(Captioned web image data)
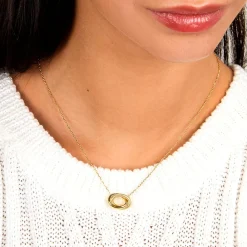 Gioielli Donna|Collane In Oro<Bluespirit COLLANA NODO - P.135B10000100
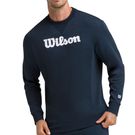 Wilson Parkside Crewneck Mens Classic Navy WM00108331 DBC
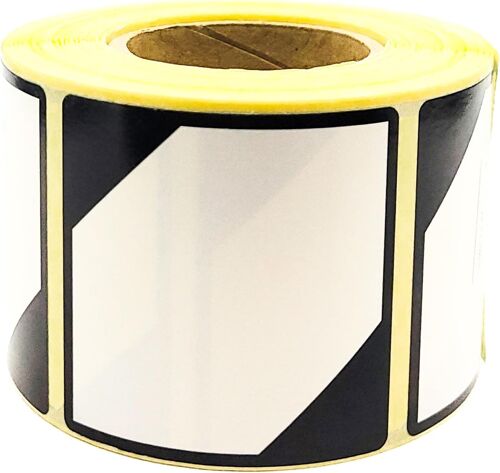 Lq Limited Quantity De 500 Étiquettes Pour Produits Dangereux 50x50mm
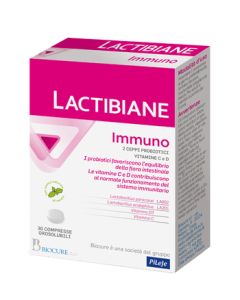 Lactibiane Immuno Integratore 30 Compresse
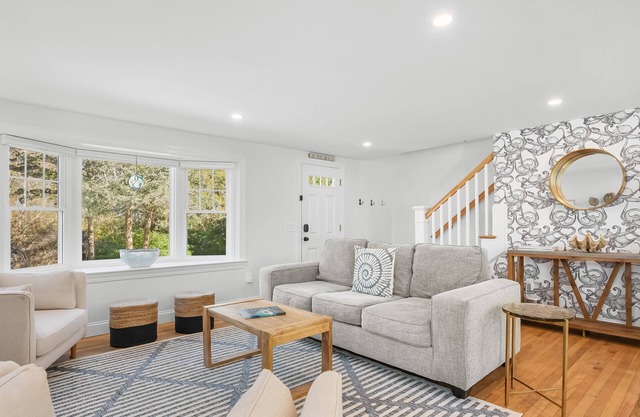 Steps to Sand & Summer Fun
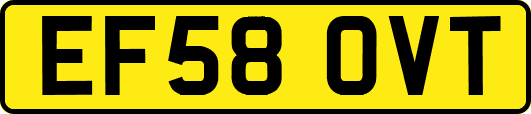 EF58OVT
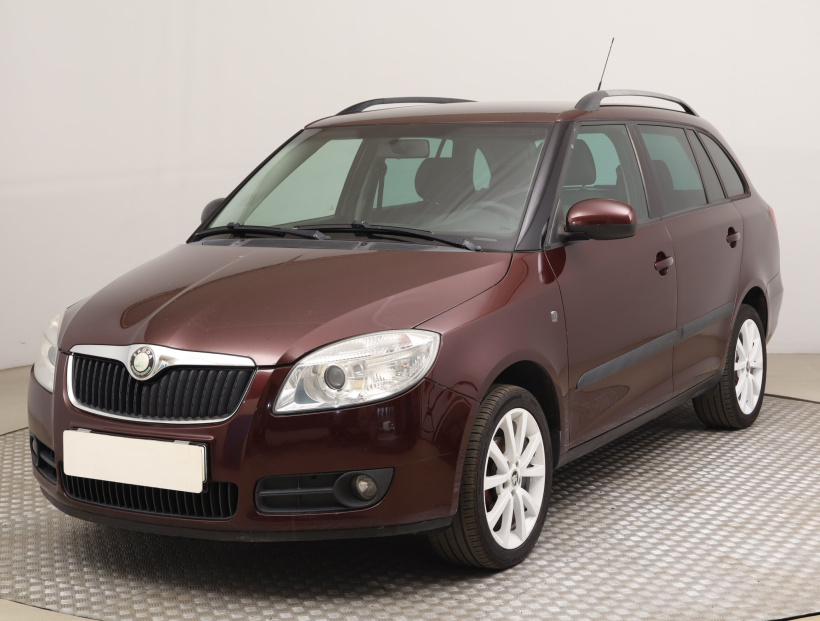 Škoda Fabia, 2009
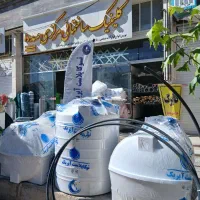 فروش مخزن آب پلی اتیلن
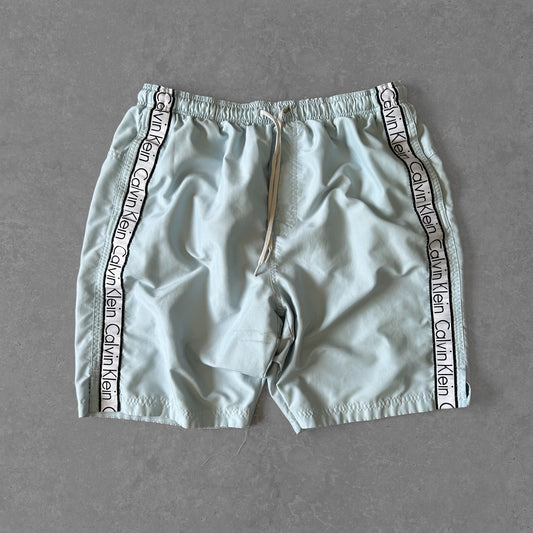 2000s - calvin klein swim trunks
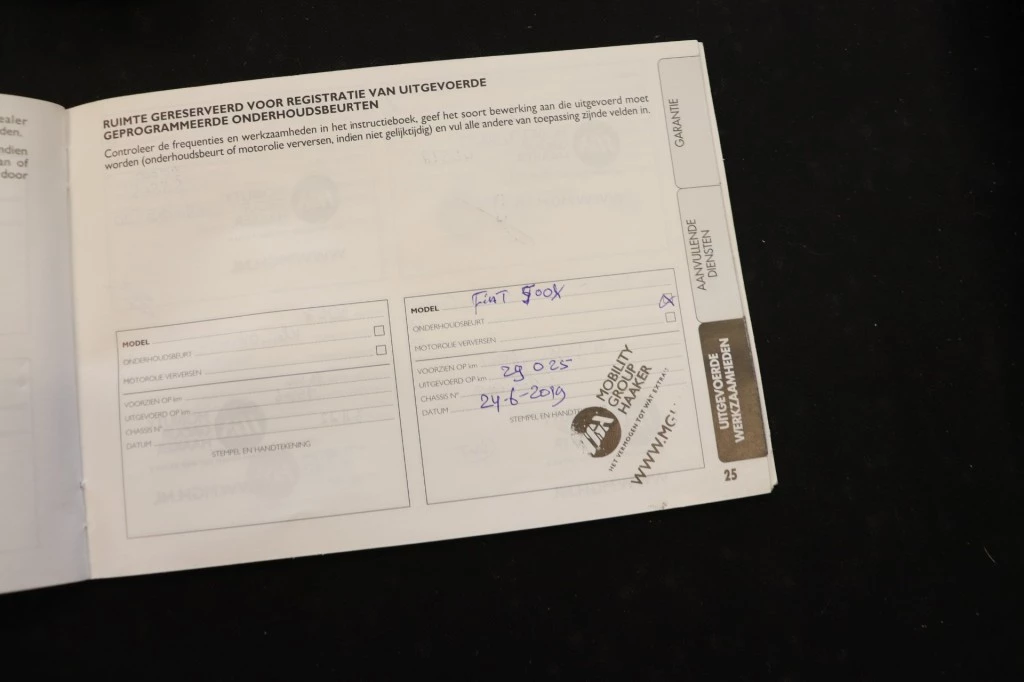 Hoofdafbeelding Fiat 500X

__HOW TO COMPLETE THIS TASK__
Set down the lines from the one containing "فروش مخزن آب پلی اتیلن" through the last line of the records above, both included, exactly as they appear and with no other text. Pictures should not be set down.

__ANSWER SPACE__
 فروش مخزن آب پلی اتیلن
 2000s - calvin klein swim trunks
 Hoofdafbeelding Fiat 500X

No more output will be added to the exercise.